Memorie van toelichting - Wijziging van de Tabakswet ter verhoging van de minimumleeftijd van 16 jaar naar 18 jaar van personen aan wie tabaksproducten mogen worden verkocht (Verhoging minimumleeftijd verkoop tabaksproducten) - Hoofdinhoud
Deze memorie van toelichting i is onder nr. 3 toegevoegd aan wetsvoorstel 33590 - Verhoging minimumleeftijd verkoop tabaksproducten i.
Inhoudsopgave
Officiële titel | Wijziging van de Tabakswet ter verhoging van de minimumleeftijd van 16 jaar naar 18 jaar van personen aan wie tabaksproducten mogen worden verkocht (Verhoging minimumleeftijd verkoop tabaksproducten); Memorie van toelichting; Memorie van toelichting |
---|---|
Documentdatum | 26-03-2013 |
Publicatiedatum | 26-03-2013 |
Nummer | KST335903 |
Kenmerk | 33590, nr. 3 |
Externe link | origineel bericht |
Originele document in PDF |
Tweede Kamer der Staten-Generaal
Vergaderjaar 2012–2013
33 590
Wijziging van de Tabakswet ter verhoging van de minimumleeftijd van 16 jaar naar 18 jaar van personen aan wie tabaksproducten mogen worden verkocht (Verhoging minimumleeftijd verkoop tabaksproducten)
Nr. 3
MEMORIE VAN TOELICHTING
-
1.Inleiding
De huidige Tabakswet kent een minimumleeftijd van zestien jaar voor personen aan wie tabaksproducten mogen worden verkocht. De regering acht het gewenst deze minimumleeftijd te verhogen tot achttien jaar.
-
2.Onderbouwing
Tabak is een verslavend en schadelijk product. Dat geldt zeker voor jongeren. Het regeringsbeleid is er op gericht het roken op jonge leeftijd tegen te gaan. Momenteel rookt nog 20% van de jongeren van 10 tot 19 jaar, onder jongeren van 16 is dit zelfs rond de 30%. Bekend is dat voor de meeste rokers hun tabaksverslaving begint in de periode dat ze op de middelbare school zitten. In deze periode vertonen jongeren experimenteergedrag, zijn ze beïnvloedbaar en zijn hun hersenen zeer gevoelig voor de verslavende eigenschappen van nicotine. Hoe eerder een kind begint met roken hoe waarschijnlijker het is dat hij of zij verslaafd raakt. Ook kunnen rokers die vroeg zijn gestart met veel roken op latere leeftijd vaker moeilijker stoppen met roken. Het is dus belangrijk dat jongeren niet beginnen met roken. Daarom is het wenselijk de verkrijgbaarheid van tabak voor jongeren te beperken en pas mogelijk te maken vanaf 18 jaar.

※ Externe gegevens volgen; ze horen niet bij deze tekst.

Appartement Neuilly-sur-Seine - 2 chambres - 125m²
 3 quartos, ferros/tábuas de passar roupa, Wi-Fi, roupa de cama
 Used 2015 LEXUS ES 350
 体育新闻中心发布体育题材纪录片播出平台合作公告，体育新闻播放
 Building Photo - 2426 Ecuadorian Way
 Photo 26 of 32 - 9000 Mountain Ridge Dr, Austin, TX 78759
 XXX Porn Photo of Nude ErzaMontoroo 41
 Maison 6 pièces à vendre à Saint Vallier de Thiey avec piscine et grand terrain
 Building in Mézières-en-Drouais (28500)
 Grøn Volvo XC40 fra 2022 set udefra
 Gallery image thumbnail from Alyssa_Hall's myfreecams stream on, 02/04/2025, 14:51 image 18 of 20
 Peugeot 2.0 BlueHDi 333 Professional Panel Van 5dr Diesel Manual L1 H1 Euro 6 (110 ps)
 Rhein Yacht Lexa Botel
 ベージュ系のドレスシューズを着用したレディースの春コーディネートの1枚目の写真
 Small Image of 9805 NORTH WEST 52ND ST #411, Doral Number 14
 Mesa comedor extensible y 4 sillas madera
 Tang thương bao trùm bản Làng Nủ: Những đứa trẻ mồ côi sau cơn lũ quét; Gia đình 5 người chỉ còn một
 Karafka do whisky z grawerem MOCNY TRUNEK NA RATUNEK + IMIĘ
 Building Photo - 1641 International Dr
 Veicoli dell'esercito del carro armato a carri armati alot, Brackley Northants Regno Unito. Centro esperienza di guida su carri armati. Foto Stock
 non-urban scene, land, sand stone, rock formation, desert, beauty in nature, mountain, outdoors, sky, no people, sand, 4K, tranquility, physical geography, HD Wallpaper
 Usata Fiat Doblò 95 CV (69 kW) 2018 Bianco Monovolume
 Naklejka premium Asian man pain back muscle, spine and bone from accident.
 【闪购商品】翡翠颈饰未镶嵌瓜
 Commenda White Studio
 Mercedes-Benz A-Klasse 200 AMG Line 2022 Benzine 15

De afgelopen jaren heeft de regering een integraal genotmiddelenbeleid ontwikkeld waarbij de middelen alcohol, tabak en cannabis in samenhang worden benaderd. Ik wijs wat dit betreft ook op samenhangende ontwikkelingen, met name op het initiatiefwetsvoorstel van de leden Voordewind, Van der Staaij, Bouwmeester en Uitslag tot verhoging van de leeftijdsgrens voor alcohol van 16 naar 18 jaar (Kamerstukken II 2011/12, 33 341) en op de in de Eerste Kamer aanvaarde motie van het lid Meurs c.s. (Kamerstukken I 2011/12, 32 022, onder G) waarin eveneens om deze leeftijdverhoging gevraagd werd. Gelet op de brede steun voor dit voorstel in zowel de Eerste Kamer als de Tweede Kamer is de verwachting gerechtvaardigd dat de verhoogde leeftijdsgrens voor alcohol in 2014 wet zal worden.
Daarmee zou de leeftijdsgrens voor alcohol op 18 jaar komen te liggen. De leeftijdsgrens voor de toegang tot een coffeeshop lag al op 18 jaar. De leeftijdsgrens voor tabak is momenteel 16 jaar. Een verhoging van de tabaksleeftijdsgrens past derhalve heel goed in het preventiebeleid, waarin veel prioriteit wordt gegeven aan bescherming van jongeren. Tevens wordt met deze verhoging voorkomen dat jongeren straks meer gaan roken, omdat tabak dan nog het enige middel is dat te verkrijgen is onder de 18 jaar.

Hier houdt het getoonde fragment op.